O Sr. Carlos Patrocínio - Eminente Senadora Benedita da Silva, V. Exª também traz sua mensagem no Dia Mundial da Saúde. Gostaria de participar das referências que faz V. Exª no dia de hoje. Eu, que participei como Relator da CPI que analisou a esterilização em massa de mulheres no Brasil, da qual V. Exª era Presidente, quero dizer que fiz um requerimento à Mesa do Senado Federal para que fosse colocado em pauta imediatamente o projeto de planejamento familiar. Esse projeto foi uma contribuição extraída daquela CPMI que examinava a esterilização em massa em nosso País e foi o resultado de inúmeros projetos de leis que tramitavam no âmbito do Congresso Nacional. Fiz esse requerimento e creio que, dentro de poucos dias, esse projeto de lei sobre planejamento familiar deverá estar tramitando aqui, no plenário do Senado Federal. Gostaria de dizer a V. Exª que isso é muito importante, porque vamos poder instalar, efetivamente, o PAISM - Plano de Atendimento Integral à Saúde da Mulher, que será, sem sombra de dúvida, o maior programa de medicina preventiva para a mulher e, por que não dizer, para a criança. Ali estaremos estimulando a utilização de todos os métodos anticoncepcionais hoje à disposição da população, de eficácia científica comprovada. Evitaremos, assim, que se façam milhões de cesarianas, no Brasil, sem necessidade, sangrando os cofres públicos em mais de 100 milhões de dólares anuais. A mulher vai ter a oportunidade de conhecer a sua fisiologia reprodutiva, vai ter acesso a todos os métodos contraceptivos e vai poder escolher aquele que melhor se adapta ao seu caso. Gostaria de dizer, referindo-me a má distribuição de médicos em nosso País, que deveria haver um estímulo. Há regiões, principalmente as regiões vastas da Amazônia, onde praticamente não se encontram médicos, como foi dito aqui pela Senadora Marina Silva. Por outro lado, a maior concentração de médicos per capita do mundo está em Ribeirão Preto e na Cidade do Rio de Janeiro. Isso demonstra que deveria haver uma política governamental de incentivo para que esses médicos se desloquem para o interior para exercer a sua profissão, possibilitando, assim, que todo brasileiro tenha condições de igualdade no que diz respeito a atendimento médico. Cumprimento, portanto, V. Exª pelo magnífico discurso.

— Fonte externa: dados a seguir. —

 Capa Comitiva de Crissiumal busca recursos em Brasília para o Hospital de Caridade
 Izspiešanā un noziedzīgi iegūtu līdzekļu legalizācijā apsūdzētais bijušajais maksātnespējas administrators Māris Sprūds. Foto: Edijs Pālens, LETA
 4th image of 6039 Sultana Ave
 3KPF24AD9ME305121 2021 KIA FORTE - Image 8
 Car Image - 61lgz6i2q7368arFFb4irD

A SRª BENEDITA DA SILVA - Agradeço o aparte, Senador Carlos Patrocínio, e quero dizer a V. Exª, que acompanhou como relator essa CPI, da importância da conquista que tivemos naquela ocasião.

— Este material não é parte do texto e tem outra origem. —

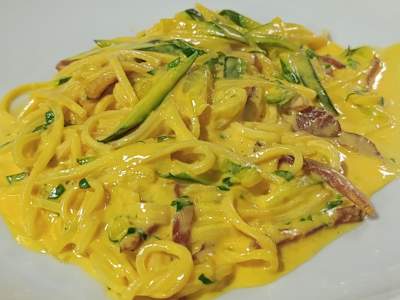 Tagliolini con Speck, Zucchine e Zafferano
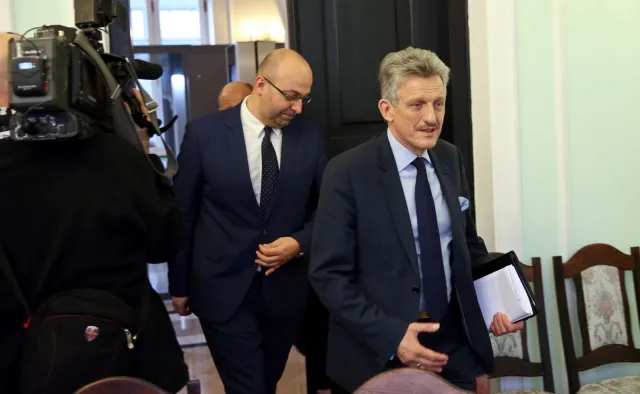 Dwugłos w PiS o TK. "Przy obecnym Trybunale nie rozwalimy układu" kontra "Idziemy za ostro"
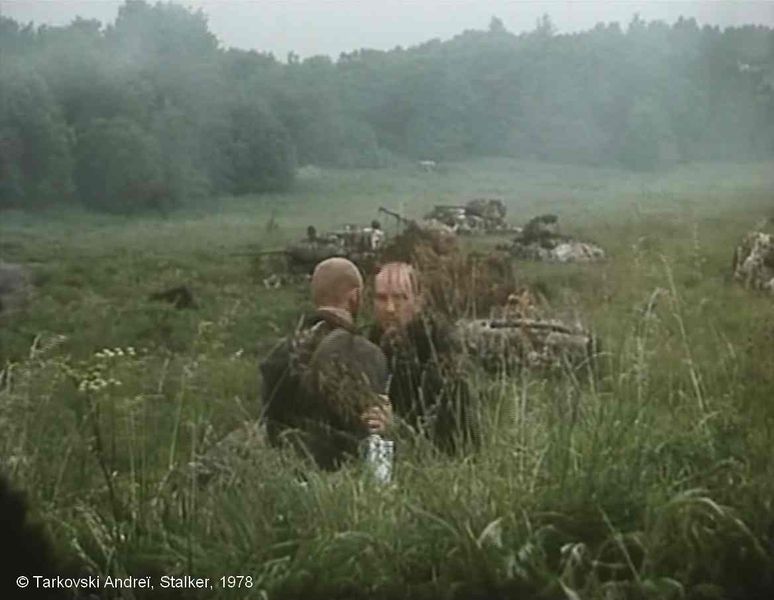 Fichier:Stalker Tarkovski Plan 52 Zone b E trebuchement.jpg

Na época, o Ministro da Saúde pôde prestar um depoimento. Coincidentemente, era o Ministro Jatene que estava no Ministério. Retornando, agora, no Governo de Fernando Henrique Cardoso, o Sr. Ministro da Saúde provavelmente prestará sua colaboração no sentido de que possamos fazer cumprir o que estabelece a nossa Constituição e o próprio Regimento e pôr em execução os planos resultantes do trabalho, da articulação política que empreendemos, durante a realização daquela CPI, para a instalação do PAISM.

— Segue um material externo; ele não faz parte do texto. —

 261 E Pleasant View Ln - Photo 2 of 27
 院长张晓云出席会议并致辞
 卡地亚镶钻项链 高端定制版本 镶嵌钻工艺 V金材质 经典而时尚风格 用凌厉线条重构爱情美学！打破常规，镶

É preciso que fique muito claro que a política de planejamento familiar no Brasil não pode ser somente uma atribuição da mulher. Devemos colocar todos os métodos contraceptivos à disposição do casal, para que tomem a sua decisão, sem que haja imposição autoritária do Poder Executivo. Faz-se necessário praticar uma política consciente e articulada para tratamento e assistência da mulher que não se limite apenas ao período da sua gestação.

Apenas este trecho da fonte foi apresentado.